[libLTO, IPGO] Slowdown after b1554fe

omern1 commented 3 months ago

While building a very large commonly used C++ game engine with -flto=full and -fprofile-instr-generate we're seeing a very large slowdown in IR link times, causing the total LTO build time to go from 40 minutes to over 2 hours. Unfortunately I'm unable to share the source for this codebase.

A bisection of the issue pointed to commit b1554fe. CC @igorkudrin.

The patch causes the size of the RAUWWorklist in the IRLinker to increase considerably and a large number of the entries are descriptors for IPGO counters (@__profd_*) which are referenced by the @llvm.compiler.used global array, in the case of this program the @llvm.compiler.used list grows to 400,000+ elements.

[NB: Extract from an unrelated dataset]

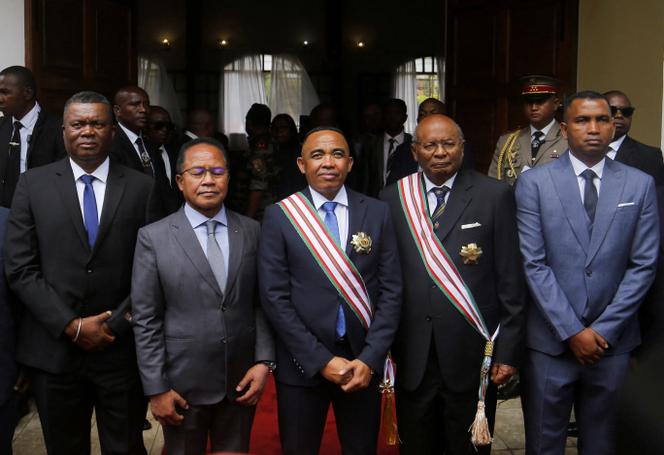 Le colonel Michaël Randrianirina (au centre) après son investiture à la présidence, à la Cour constitutionnelle à Antananarivo, Madagascar, le 17 octobre 2025.
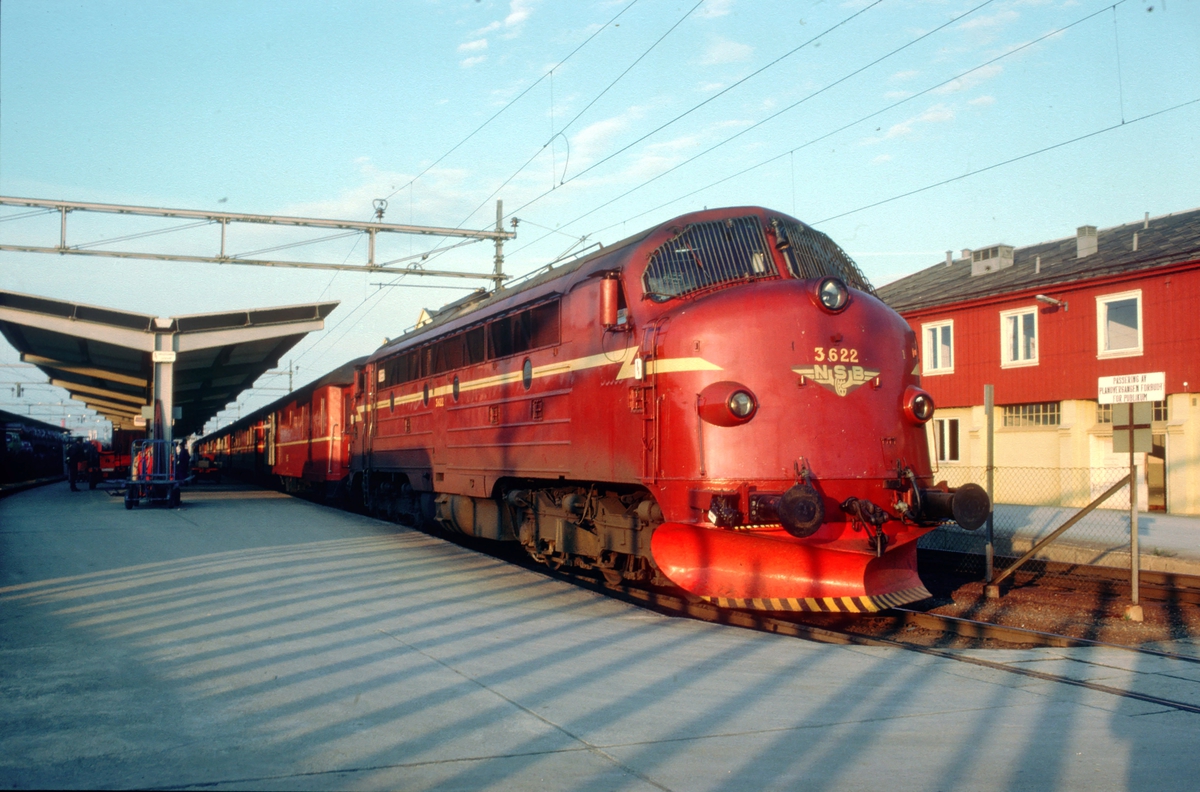 Ht 452, dagtoget fra Bodø, på Trondheim stasjon med NSB dieselelektrisk lokomotiv Di 3 622.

Each time RAUW is called for one one of the descriptors we end up spending a lot of time iterating over all of the elements of the @llvm.compiler.used list to generate a key, and RAUW is called many times:

[Inline Frame] llvmLTO.dll!llvm::ConstantAggrKeyType<llvm::ConstantArray>::ConstantAggrKeyType(const llvm::ConstantArray * C, llvm::SmallVectorImpl<llvm::Constant *> & Storage)
llvmLTO.dll!llvm::ConstantUniqueMap<llvm::ConstantArray>::MapInfo::getHashValue(const llvm::ConstantArray * CP)     
llvmLTO.dll!llvm::DenseMapBase<llvm::DenseMap<llvm::ConstantArray *,llvm::detail::DenseSetEmpty,llvm::ConstantUniqueMap<llvm::ConstantArray>::MapInfo,llvm::detail::DenseSetPair<llvm::ConstantArray *>>,llvm::ConstantArray *,llvm::detail::DenseSetEmpty,llvm::ConstantUniqueMap<llvm::ConstantArray>::MapInfo,llvm::detail::DenseSetPair<llvm::ConstantArray *>>::LookupBucketFor<const llvm::ConstantArray *>(const llvm::ConstantArray * const & Val, const llvm::detail::DenseSetPair<llvm::ConstantArray *> * & FoundBucket)     
llvmLTO.dll!llvm::DenseMapBase<llvm::DenseMap<llvm::ConstantArray *,llvm::detail::DenseSetEmpty,llvm::ConstantUniqueMap<llvm::ConstantArray>::MapInfo,llvm::detail::DenseSetPair<llvm::ConstantArray *>>,llvm::ConstantArray *,llvm::detail::DenseSetEmpty,llvm::ConstantUniqueMap<llvm::ConstantArray>::MapInfo,llvm::detail::DenseSetPair<llvm::ConstantArray *>>::LookupBucketFor<const llvm::ConstantArray *>(const llvm::ConstantArray * const & Val, llvm::detail::DenseSetPair<llvm::ConstantArray *> * & FoundBucket)   
llvmLTO.dll!llvm::DenseMapBase<llvm::DenseMap<llvm::ConstantArray *,llvm::detail::DenseSetEmpty,llvm::ConstantUniqueMap<llvm::ConstantArray>::MapInfo,llvm::detail::DenseSetPair<llvm::ConstantArray *>>,llvm::ConstantArray *,llvm::detail::DenseSetEmpty,llvm::ConstantUniqueMap<llvm::ConstantArray>::MapInfo,llvm::detail::DenseSetPair<llvm::ConstantArray *>>::find(const llvm::ConstantArray * Val)  
[Inlined Frame] llvmLTO.dll!llvm::detail::DenseSetImpl<llvm::ConstantArray *,llvm::DenseMap<llvm::ConstantArray *,llvm::detail::DenseSetEmpty,llvm::ConstantUniqueMap<llvm::ConstantArray>::MapInfo,llvm::detail::DenseSetPair<llvm::ConstantArray *>>,llvm::ConstantUniqueMap<llvm::ConstantArray>::MapInfo>::find(const llvm::ConstantArray * V)  
llvmLTO.dll!llvm::ConstantUniqueMap<llvm::ConstantArray>::remove(llvm::ConstantArray * CP)  
llvmLTO.dll!llvm::ConstantUniqueMap<llvm::ConstantArray>::replaceOperandsInPlace(llvm::ArrayRef<llvm::Constant *> Operands, llvm::ConstantArray * CP, llvm::Value * From, llvm::Constant * To, unsigned int NumUpdated, unsigned int OperandNo)     
llvmLTO.dll!llvm::ConstantArray::handleOperandChangeImpl(llvm::Value * From, llvm::Value * To)  
llvmLTO.dll!llvm::Constant::handleOperandChange(llvm::Value * From, llvm::Value * To)   
llvmLTO.dll!llvm::Value::doRAUW(llvm::Value * New, llvm::Value::ReplaceMetadataUses ReplaceMetaUses)    
[Inlined Frame] llvmLTO.dll!`anonymous namespace'::IRLinker::flushRAUWWorklist()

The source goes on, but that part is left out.